[Records from a collection]
------------
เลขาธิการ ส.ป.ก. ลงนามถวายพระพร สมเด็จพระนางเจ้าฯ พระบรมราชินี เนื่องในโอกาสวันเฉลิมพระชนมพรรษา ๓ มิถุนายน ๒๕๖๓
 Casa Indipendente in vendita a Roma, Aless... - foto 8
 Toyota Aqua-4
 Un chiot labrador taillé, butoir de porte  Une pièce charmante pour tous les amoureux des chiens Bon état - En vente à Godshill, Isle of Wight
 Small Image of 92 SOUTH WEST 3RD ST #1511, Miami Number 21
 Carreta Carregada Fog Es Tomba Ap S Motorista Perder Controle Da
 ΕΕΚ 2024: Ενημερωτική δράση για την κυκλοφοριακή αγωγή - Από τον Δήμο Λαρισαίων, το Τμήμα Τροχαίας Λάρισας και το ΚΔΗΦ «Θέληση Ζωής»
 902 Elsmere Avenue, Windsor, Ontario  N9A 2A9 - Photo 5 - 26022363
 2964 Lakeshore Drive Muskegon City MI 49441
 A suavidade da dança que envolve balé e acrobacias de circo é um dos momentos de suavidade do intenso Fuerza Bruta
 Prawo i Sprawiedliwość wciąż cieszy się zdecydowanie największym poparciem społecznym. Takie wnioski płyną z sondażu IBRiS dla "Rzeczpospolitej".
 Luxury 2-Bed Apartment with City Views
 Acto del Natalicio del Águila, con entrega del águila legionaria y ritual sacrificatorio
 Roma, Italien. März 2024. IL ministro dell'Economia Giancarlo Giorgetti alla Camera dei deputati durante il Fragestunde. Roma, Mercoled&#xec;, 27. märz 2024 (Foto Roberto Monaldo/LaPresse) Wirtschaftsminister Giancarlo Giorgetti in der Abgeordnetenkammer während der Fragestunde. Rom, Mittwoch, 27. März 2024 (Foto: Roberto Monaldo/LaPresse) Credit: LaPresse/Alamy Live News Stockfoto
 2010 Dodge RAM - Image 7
------------
**What you are asked to do**
Every line in the records above with the string "Image" in it should be shown.

**Output below**
 Small Image of 92 SOUTH WEST 3RD ST #1511, Miami Number 21
 2010 Dodge RAM - Image 7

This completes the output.